Could the listing below be returned exactly, with its pictures left out?

***** SUPPLIED DATA *****

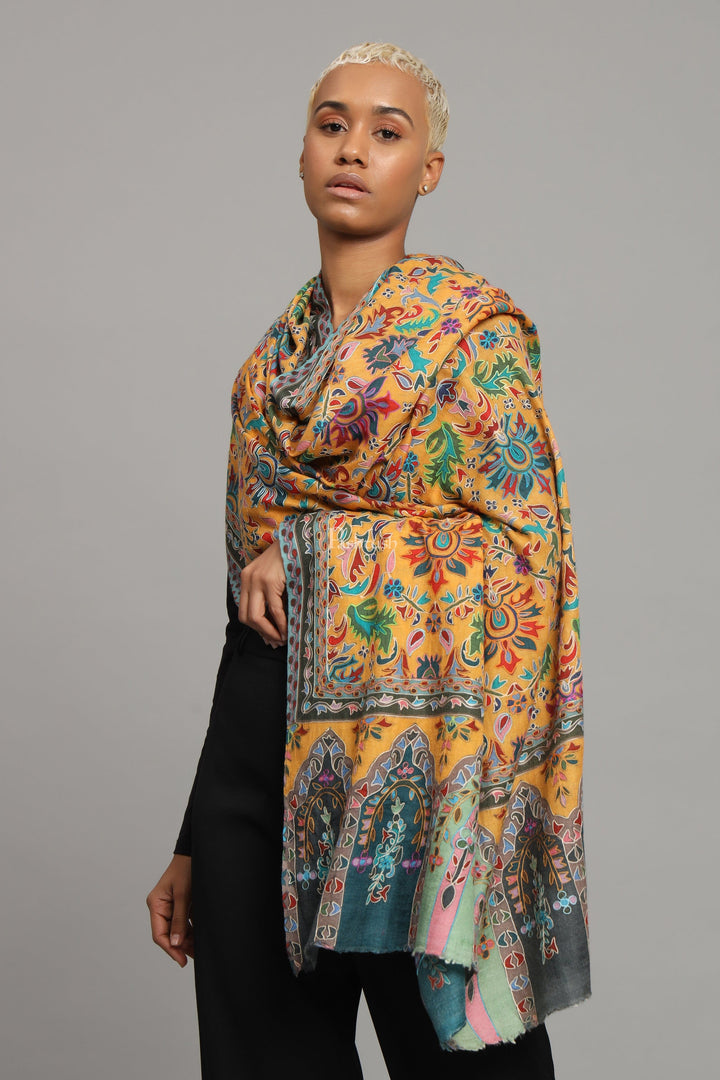 Pashtush India Womens Shawls Pashtush Womens Extra Fine Wool Shawl, Kalamkari Embroidery Design, Multicolour
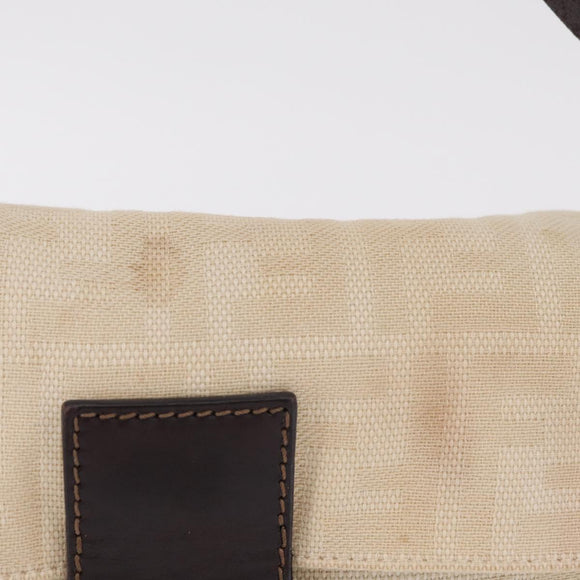 FENDI Zucca Canvas Mamma Baguette Shoulder Bag Ivory Silver Auth 205920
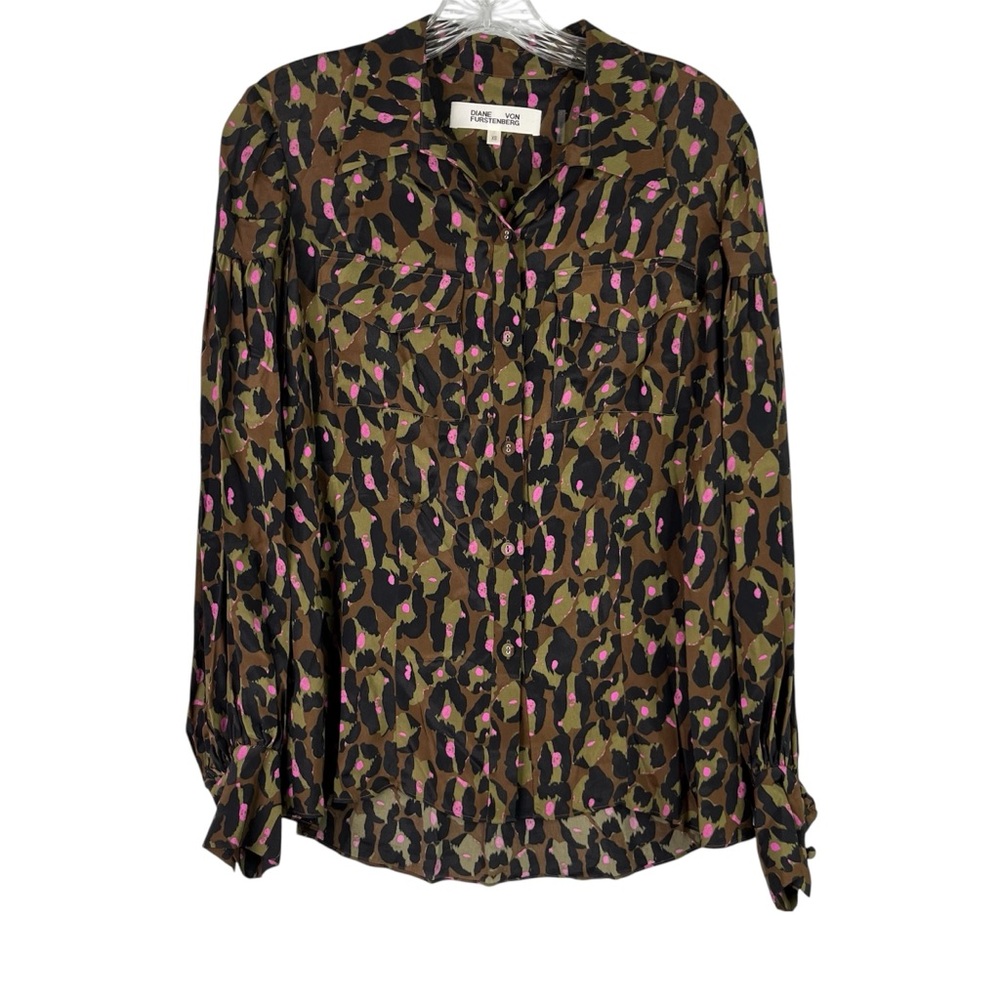 Diane Von Furstenberg Top Women’s XS Button Up Leopard Silk Blend Long Sleeve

*****

### THE COMPLETED TASK
 Pashtush India Womens Shawls Pashtush Womens Extra Fine Wool Shawl, Kalamkari Embroidery Design, Multicolour
 FENDI Zucca Canvas Mamma Baguette Shoulder Bag Ivory Silver Auth 205920
 Diane Von Furstenberg Top Women’s XS Button Up Leopard Silk Blend Long Sleeve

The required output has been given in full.